Stored items
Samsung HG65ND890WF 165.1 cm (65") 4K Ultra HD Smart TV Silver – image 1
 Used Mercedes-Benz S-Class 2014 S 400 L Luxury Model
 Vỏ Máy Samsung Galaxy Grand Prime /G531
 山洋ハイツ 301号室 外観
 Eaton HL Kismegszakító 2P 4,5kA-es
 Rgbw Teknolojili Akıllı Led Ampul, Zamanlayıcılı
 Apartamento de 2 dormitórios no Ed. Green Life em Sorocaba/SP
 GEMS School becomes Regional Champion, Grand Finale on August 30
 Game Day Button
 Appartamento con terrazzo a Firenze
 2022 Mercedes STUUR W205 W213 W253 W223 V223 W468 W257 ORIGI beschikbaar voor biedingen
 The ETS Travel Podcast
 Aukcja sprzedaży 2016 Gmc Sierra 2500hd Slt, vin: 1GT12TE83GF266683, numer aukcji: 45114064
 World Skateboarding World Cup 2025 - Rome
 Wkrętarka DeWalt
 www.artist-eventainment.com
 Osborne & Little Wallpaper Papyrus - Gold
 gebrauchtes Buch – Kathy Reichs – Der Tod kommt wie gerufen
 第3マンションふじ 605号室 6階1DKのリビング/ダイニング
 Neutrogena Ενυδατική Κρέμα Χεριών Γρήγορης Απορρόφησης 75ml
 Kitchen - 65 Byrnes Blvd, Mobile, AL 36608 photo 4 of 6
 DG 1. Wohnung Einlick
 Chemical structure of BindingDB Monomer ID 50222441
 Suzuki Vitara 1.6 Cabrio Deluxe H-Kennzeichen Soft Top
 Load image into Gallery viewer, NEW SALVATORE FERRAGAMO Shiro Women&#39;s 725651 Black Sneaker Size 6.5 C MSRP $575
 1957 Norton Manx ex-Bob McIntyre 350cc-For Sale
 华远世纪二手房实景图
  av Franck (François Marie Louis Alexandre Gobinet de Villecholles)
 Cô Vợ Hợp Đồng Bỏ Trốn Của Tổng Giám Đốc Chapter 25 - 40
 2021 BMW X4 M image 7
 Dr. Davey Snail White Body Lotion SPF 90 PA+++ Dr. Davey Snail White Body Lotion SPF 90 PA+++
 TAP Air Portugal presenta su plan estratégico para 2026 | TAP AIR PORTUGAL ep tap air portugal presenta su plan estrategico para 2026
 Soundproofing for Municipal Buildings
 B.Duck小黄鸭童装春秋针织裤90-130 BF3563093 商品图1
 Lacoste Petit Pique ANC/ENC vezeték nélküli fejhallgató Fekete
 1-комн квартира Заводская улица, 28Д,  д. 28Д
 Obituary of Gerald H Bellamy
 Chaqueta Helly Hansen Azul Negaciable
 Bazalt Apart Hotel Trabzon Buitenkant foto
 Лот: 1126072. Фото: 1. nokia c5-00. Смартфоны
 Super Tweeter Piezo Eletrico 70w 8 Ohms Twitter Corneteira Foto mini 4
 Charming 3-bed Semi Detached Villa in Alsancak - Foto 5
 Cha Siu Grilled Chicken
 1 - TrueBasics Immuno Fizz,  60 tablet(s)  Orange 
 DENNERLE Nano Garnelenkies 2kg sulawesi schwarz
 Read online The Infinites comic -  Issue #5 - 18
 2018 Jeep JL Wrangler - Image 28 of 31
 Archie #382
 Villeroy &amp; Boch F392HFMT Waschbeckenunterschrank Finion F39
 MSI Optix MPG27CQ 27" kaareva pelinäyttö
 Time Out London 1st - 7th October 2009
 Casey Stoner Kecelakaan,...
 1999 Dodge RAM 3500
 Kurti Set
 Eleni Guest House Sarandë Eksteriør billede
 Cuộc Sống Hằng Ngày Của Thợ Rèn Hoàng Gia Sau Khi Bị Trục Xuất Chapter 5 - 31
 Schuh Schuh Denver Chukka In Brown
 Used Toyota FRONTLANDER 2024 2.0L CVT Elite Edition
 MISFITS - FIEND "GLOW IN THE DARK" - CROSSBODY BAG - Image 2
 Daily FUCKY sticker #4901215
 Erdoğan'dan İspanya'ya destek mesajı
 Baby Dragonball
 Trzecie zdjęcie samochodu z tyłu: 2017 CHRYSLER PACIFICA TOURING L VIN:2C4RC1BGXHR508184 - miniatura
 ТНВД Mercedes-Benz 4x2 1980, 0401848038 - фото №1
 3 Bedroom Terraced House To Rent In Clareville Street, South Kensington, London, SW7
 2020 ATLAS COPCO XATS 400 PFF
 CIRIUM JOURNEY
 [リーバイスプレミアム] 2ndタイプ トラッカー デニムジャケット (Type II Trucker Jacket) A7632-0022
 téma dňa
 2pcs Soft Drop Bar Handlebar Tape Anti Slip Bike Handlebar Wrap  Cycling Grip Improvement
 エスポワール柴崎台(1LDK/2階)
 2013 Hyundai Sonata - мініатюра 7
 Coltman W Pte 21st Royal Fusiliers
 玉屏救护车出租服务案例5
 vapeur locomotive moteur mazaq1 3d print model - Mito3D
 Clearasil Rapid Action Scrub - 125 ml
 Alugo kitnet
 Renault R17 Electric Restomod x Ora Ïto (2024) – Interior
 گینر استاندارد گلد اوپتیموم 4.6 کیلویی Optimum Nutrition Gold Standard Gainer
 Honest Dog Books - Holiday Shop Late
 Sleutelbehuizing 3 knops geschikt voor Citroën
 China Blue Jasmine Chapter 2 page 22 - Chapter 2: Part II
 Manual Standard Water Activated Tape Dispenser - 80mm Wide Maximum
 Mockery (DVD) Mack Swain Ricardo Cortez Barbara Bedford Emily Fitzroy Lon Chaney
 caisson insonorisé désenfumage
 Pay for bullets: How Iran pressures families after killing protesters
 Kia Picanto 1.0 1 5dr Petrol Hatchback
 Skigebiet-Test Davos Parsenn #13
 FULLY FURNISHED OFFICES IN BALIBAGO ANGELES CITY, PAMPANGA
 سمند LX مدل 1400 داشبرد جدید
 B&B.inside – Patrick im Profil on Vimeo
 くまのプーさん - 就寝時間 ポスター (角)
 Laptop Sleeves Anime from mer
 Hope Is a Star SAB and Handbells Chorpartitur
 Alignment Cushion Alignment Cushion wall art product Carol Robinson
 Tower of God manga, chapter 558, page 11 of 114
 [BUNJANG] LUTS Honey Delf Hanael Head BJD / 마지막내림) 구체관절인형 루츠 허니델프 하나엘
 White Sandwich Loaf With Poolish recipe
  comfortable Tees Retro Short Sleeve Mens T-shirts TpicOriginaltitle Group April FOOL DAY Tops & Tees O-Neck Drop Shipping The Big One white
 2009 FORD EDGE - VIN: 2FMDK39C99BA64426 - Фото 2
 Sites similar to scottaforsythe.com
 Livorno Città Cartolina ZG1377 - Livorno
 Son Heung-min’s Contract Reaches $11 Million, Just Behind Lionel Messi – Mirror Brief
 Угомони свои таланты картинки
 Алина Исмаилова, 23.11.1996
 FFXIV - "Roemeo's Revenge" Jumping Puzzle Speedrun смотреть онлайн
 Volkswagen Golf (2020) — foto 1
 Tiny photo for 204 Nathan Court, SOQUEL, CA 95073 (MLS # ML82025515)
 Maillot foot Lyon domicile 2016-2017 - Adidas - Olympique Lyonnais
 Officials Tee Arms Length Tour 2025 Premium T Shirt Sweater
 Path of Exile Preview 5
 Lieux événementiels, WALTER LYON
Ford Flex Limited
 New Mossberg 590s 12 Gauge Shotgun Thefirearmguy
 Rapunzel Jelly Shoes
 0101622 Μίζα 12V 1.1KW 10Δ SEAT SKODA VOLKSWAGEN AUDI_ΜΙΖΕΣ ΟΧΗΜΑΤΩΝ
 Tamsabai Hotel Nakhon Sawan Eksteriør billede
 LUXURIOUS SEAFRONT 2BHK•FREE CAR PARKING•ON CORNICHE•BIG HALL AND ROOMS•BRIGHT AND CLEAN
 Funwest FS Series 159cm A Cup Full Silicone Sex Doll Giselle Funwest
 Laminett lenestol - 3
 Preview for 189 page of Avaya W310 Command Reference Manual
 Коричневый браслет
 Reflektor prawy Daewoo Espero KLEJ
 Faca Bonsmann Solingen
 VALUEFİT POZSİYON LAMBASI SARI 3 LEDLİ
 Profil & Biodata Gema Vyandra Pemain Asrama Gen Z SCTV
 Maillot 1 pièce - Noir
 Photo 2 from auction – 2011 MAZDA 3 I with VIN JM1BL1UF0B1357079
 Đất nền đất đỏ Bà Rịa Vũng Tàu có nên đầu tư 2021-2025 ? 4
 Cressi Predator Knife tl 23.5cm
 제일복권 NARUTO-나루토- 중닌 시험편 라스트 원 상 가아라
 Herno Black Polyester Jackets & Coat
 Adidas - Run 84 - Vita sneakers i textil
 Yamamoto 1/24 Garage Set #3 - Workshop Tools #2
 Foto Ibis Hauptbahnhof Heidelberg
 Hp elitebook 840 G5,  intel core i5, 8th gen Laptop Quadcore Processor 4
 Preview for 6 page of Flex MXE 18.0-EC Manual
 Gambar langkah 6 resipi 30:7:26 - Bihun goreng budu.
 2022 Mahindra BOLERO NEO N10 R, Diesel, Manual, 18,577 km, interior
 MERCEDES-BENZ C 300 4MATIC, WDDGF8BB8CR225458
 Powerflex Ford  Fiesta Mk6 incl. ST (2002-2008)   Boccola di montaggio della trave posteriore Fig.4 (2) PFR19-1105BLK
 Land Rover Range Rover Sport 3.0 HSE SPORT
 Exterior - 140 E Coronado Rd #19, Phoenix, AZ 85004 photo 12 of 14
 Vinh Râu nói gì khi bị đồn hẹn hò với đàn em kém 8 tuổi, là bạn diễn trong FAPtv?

EXERCISE BRIEF >> Copy the lines of the data above exactly as written, beginning with the line containing "Лот: 1126072. Фото: 1." and ending with the line containing "1 - TrueBasics", and leave out all other lines.

TASK OUTPUT >>
 Лот: 1126072. Фото: 1. nokia c5-00. Смартфоны
 Super Tweeter Piezo Eletrico 70w 8 Ohms Twitter Corneteira Foto mini 4
 Charming 3-bed Semi Detached Villa in Alsancak - Foto 5
 Cha Siu Grilled Chicken
 1 - TrueBasics Immuno Fizz,  60 tablet(s)  Orange 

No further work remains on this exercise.